This Week’s Wisdom

Infuse your life with action. Don’t wait for it to happen. Make it happen. Make your own future. Make your own hope. Make your own love. And whatever your beliefs, honor your creator, not by passively waiting for grace to come down from upon high, but by doing what you can to make grace happen… yourself, right now, right down here on Earth.

–Bradley Whitford


This Week’s Words


For the first couple of decades of my life, I said “Oh, dear!” a lot.  I think I picked it up from my maternal grandmother.  She had other expressions, such as “My land!” (for surprise) and “Oh, my aching back!” (also for surprise).  My grandmother was 70 when I was born, but she lived to be 104 and was a huge influence on my life (do the math: until I was 34).

Oh, dear, I’ve lost my train of thought.  Actually I haven’t–I just wanted to show how the expression might be used in a sentence.  I was cured of saying “Oh, dear” during a breakup with a girlfriend when I was in my 20s. In the litany of my many faults she painstakingly enumerated was this final one (in what was possibly the first use of All Caps in a face-to-face breakup): “. . . AND ONLY MAIDEN AUNTS SAY ‘OH, DEAR!'” (OUCH! It was all I could do to keep from exclaiming “My LAND!”)

I hate to think what my life might have been like had I not stopped joining “Oh” with “dear.”  I might never have married and had children.  I might have spent my entire life in a meticulously kept house where teacups and doilies were prominently displayed–a house with cats, embroidery in progress, and a cabinet of collectible crystal (certainly with one or more African violets and maybe a secret stash of wine.)

But I’m stereotyping maiden aunts.  The only thing for certain is that they are someone’s unmarried sister.  These days they are more likely to take up skydiving than collecting crystal.

But that’s NOW!  Forty years ago when I was admonished for using the expression, maiden aunts didn’t have all the thrilling life options they do now.  They were teacups/doilies/cat people, and I came this close to being one of them.

I’m just glad I’ve lived long enough to find some humor in “. . . AND ONLY MAIDEN AUNTS SAY ‘OH, DEAR!'” My best recollection is that, at the time, it wasn’t funny.  And my grandmother from whom I got the expression?  SHE lived long enough to have 13 children, 48 grandchildren, and more great-grandchildren than she could count.  SHE was never in danger of becoming a maiden aunt, and SHE used “Oh, dear” for about 100 years.

This Week’s Words

Despite Vladimir Putin’s illegal takeover of The Crimea and his machinations in attempting to subvert democracies everywhere, the average Russian people on the street are not our enemies.  When you get right down to it, they are a lot like us.  I wrote this a few months before the Berlin Wall fell:

The Red Scare

Russian children fear the dark;
Russian parents worry;
Russian lovers fall in love
(their parents think too early).

Copyright © 1989, 2017 by John Arthur Robinson

This Week’s Words


It was the first week of high school.  My fellow students from our Catholic grade school were joined at the central Catholic high school by students from grade schools up and down the river valley.  I quickly guessed that the boys from one of those schools must all have nicknames for each other.

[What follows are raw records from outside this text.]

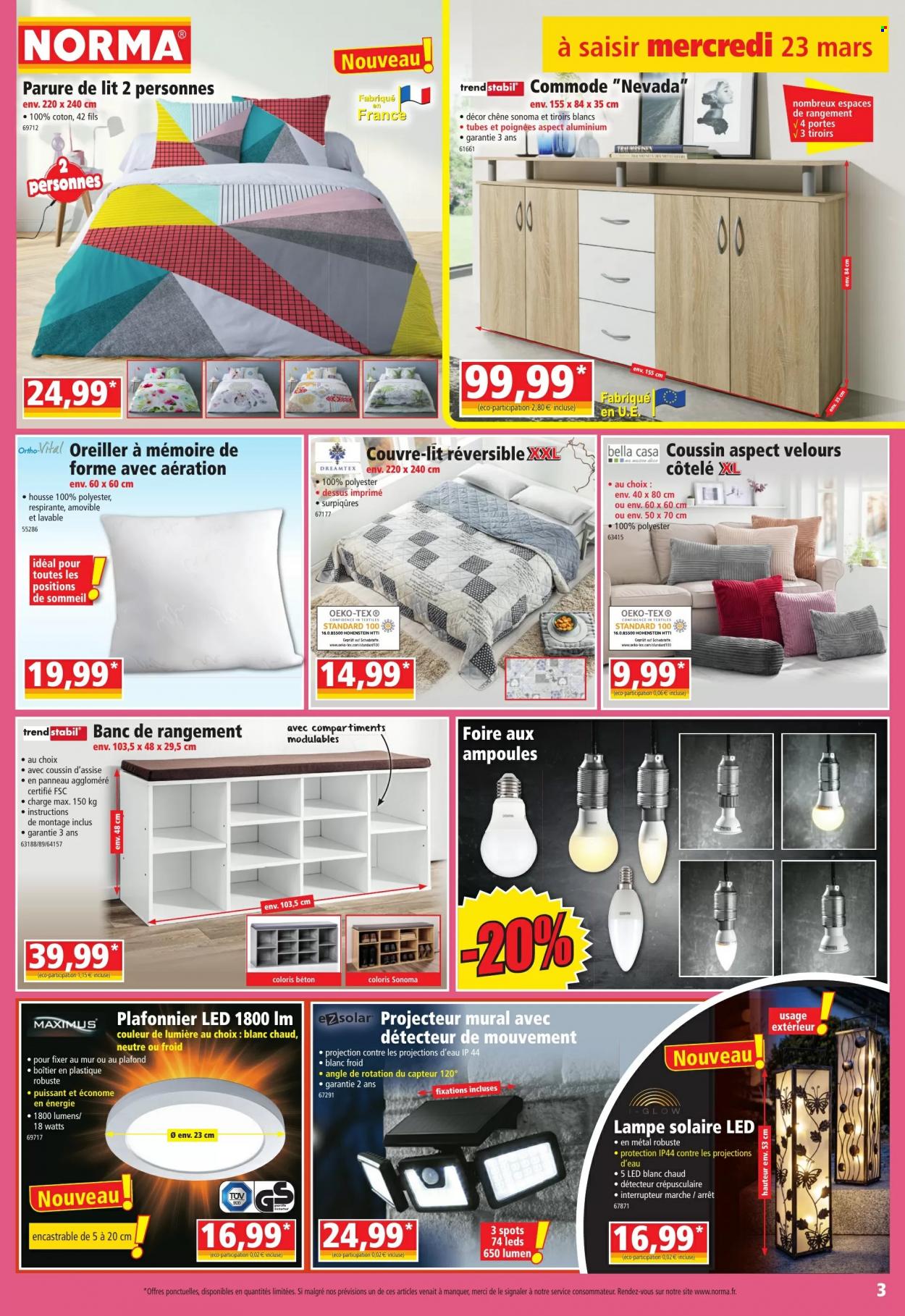 Catalogue Norma - 23/03/2022 - 29/03/2022. Page 3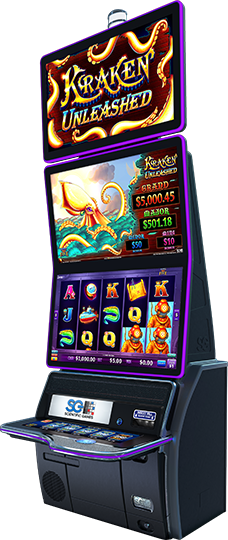 Dive For Five - Kraken Unleashed Cabinet
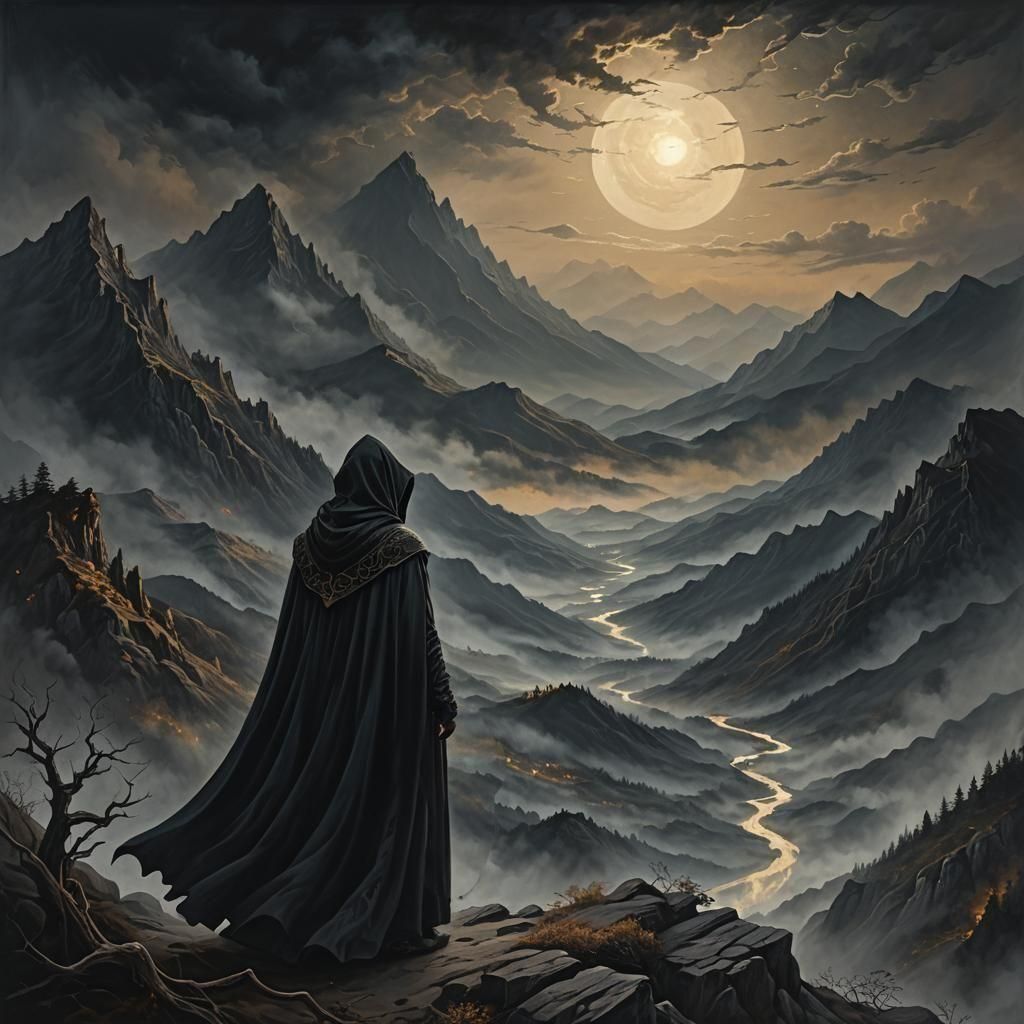 Shadow Cloak: Fantasy Art of Lies and Mystery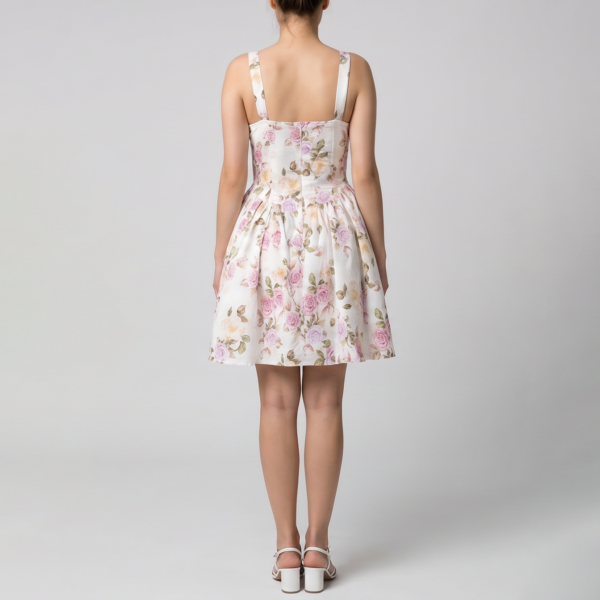 Vestido mini Primavera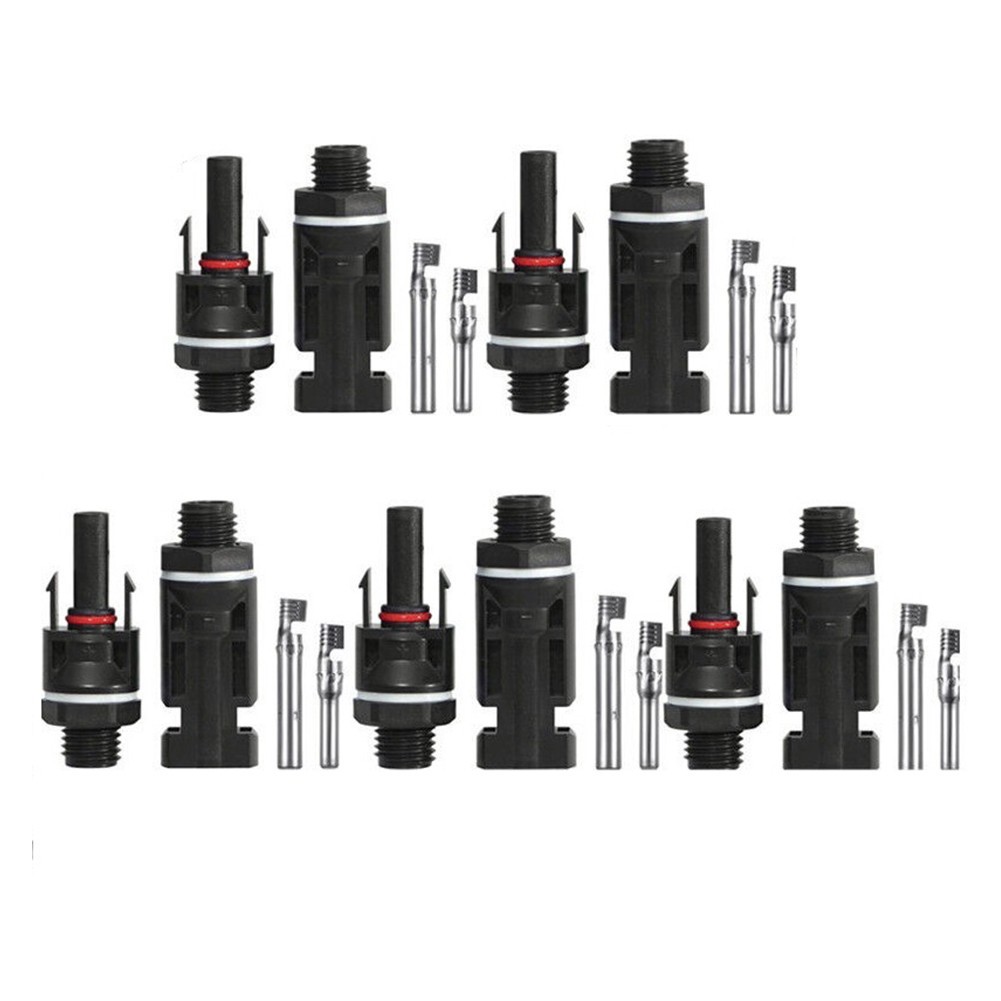 Photovoltaic 5Pairs Coupling DC1000V Solar Panel Distributor Adapter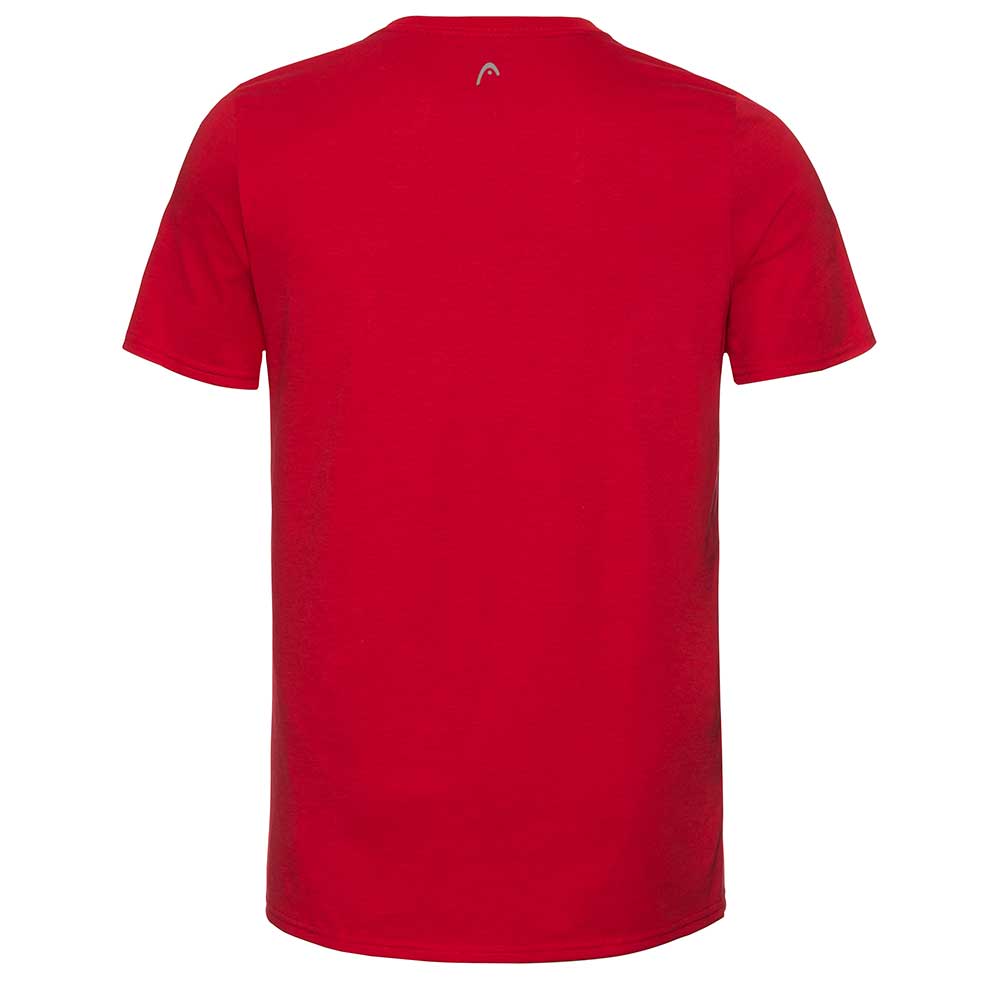 Head Club Chris T-Shirt-Red - Valetica Sports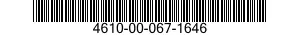 4610-00-067-1646  4610000671646 000671646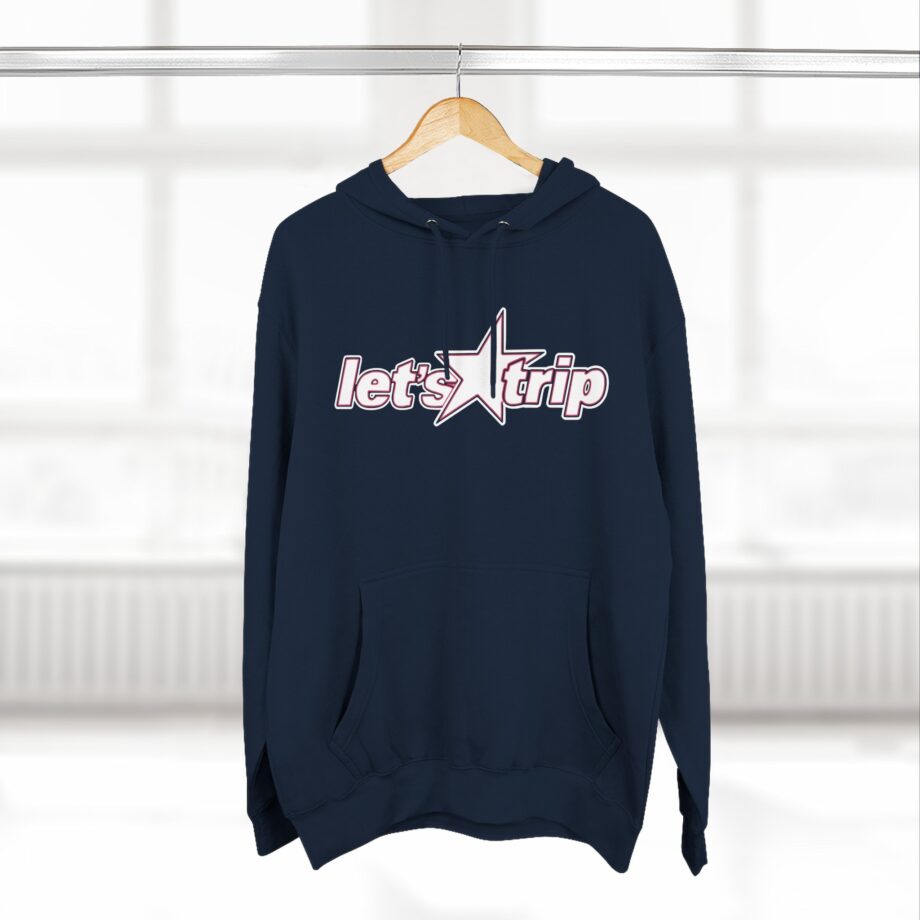 Sturniolo Let's Trip Star Three-panel Fleece Hoodie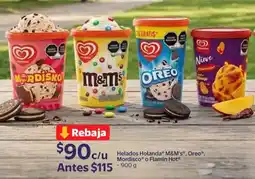 Walmart M&m's, oreo, mordisco o flamin hot m&m's, oreo, mordisco o flamin hot helados holanda oferta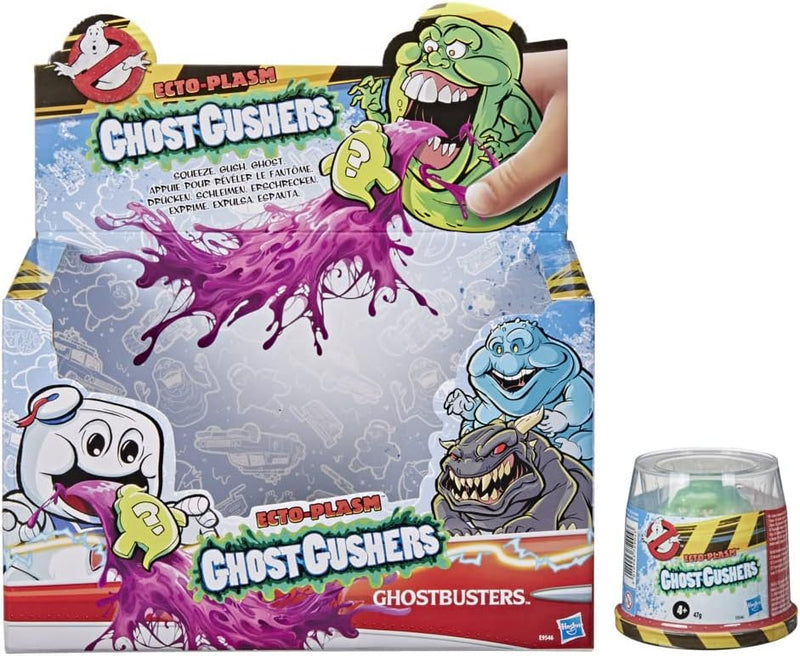 Ghostbusters Ecto-Plasm Ghost Gushers, rear view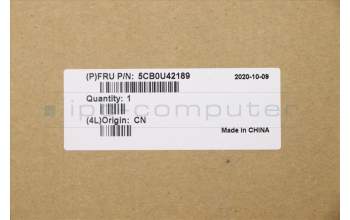 Lenovo 5CB0U42189 COVER Uppercase C81N4 ALGRY FPNBL LATIN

One of them started calling me “Bugs” every time he saw me.  That’s “Bugs” for “Bugs Bunny.”  That’s “Bugs Bunny” because of my protruding front teeth (which, because they were never straightened, I still have as an adult).

I was horrified.  I would like to say that I confronted the kid and threatened the status of HIS teeth if he didn’t stop calling me that, but I wasn’t that brave.  Instead, I just dreaded running into him in the hallway.

“BUGS!”  I faced the prospect of getting stuck with that nickname my entire life!  Most people hearing it wouldn’t suspect it had something to do with my facial resemblance to a cartoon character.  Most likely they would think that it had something to do with my personal hygiene.

It wasn’t long, though, before he called me that nickname in the presence of another kid from his school, named John.  As soon as he heard me being called “Bugs,” John said something like, “I don’t think we’re going to do that.”

And there it stopped.  The reason that I am not now known by that nickname in my 60s is that John intervened with just a few words.  This told me two things about John: (1) that he was a compassionate kid and (2) that he carried a great deal of moral authority with the kids from his school. I considered John one of my closest friends from that point on.

I attended the 50th reunion of our high-school graduation a month ago, and John was the person I most hoped to see there, because after fifty-four years, I finally wanted to thank him in person, even though he probably wouldn’t even remember the incident.

He wasn’t there.  I asked the organizer of the reunion to give me John’s address, and I sent him an advance copy of this post.

The bottom line that IS the bottom line:

You will never know when a few kind words can change a person’s life.